» **Exercise prompt**
Only one stretch of the listing below is wanted. Give it again exactly, from the line with "Himalayan Cotoneaster" through the line with "Moto Guzzi 250".

» **Given records**
________________________________________
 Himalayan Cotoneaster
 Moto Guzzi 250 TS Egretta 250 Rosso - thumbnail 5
________________________________________
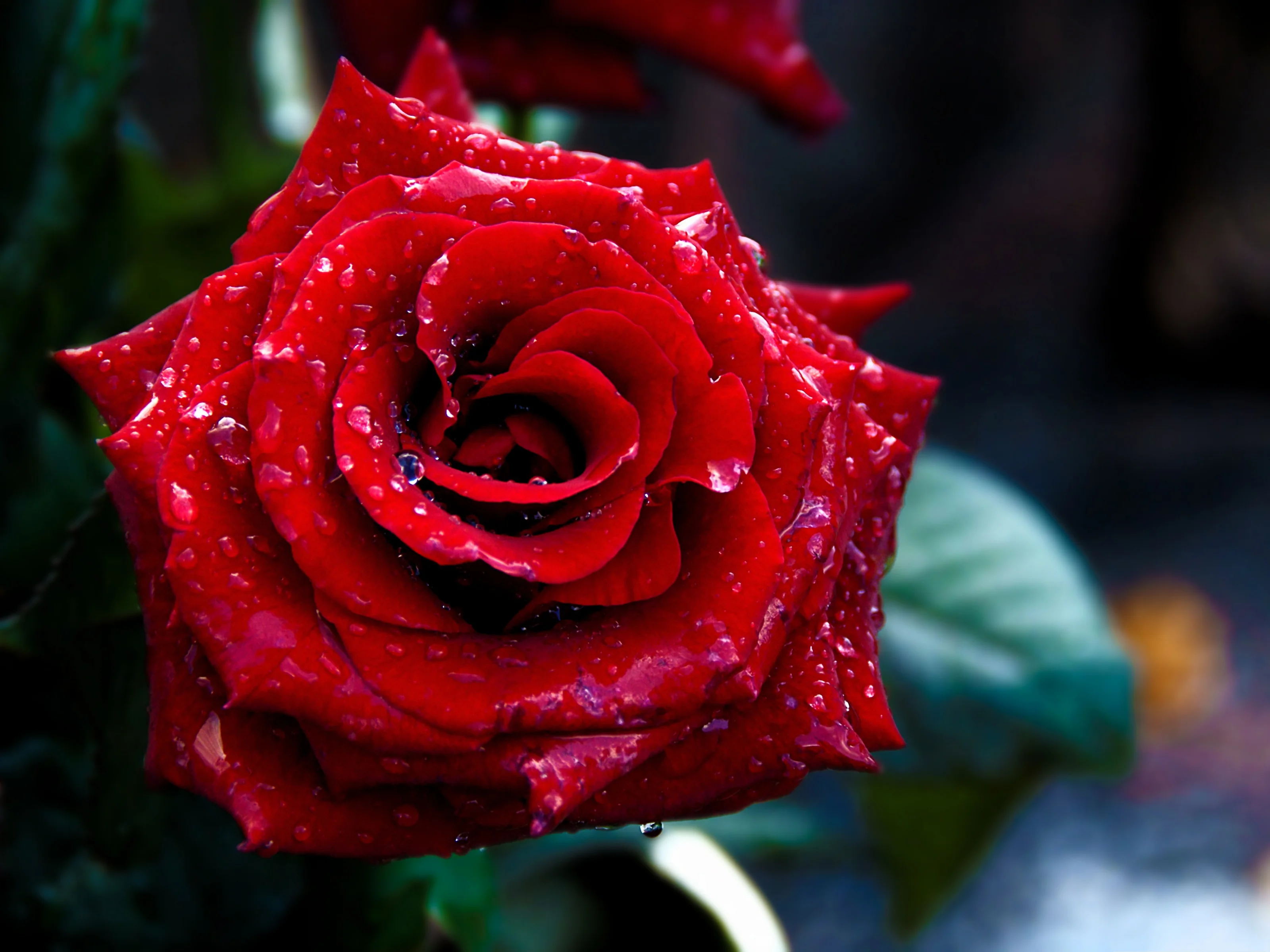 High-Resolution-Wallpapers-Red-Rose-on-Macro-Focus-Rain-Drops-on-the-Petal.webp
________________________________________
» **Reply**
 Himalayan Cotoneaster
 Moto Guzzi 250 TS Egretta 250 Rosso - thumbnail 5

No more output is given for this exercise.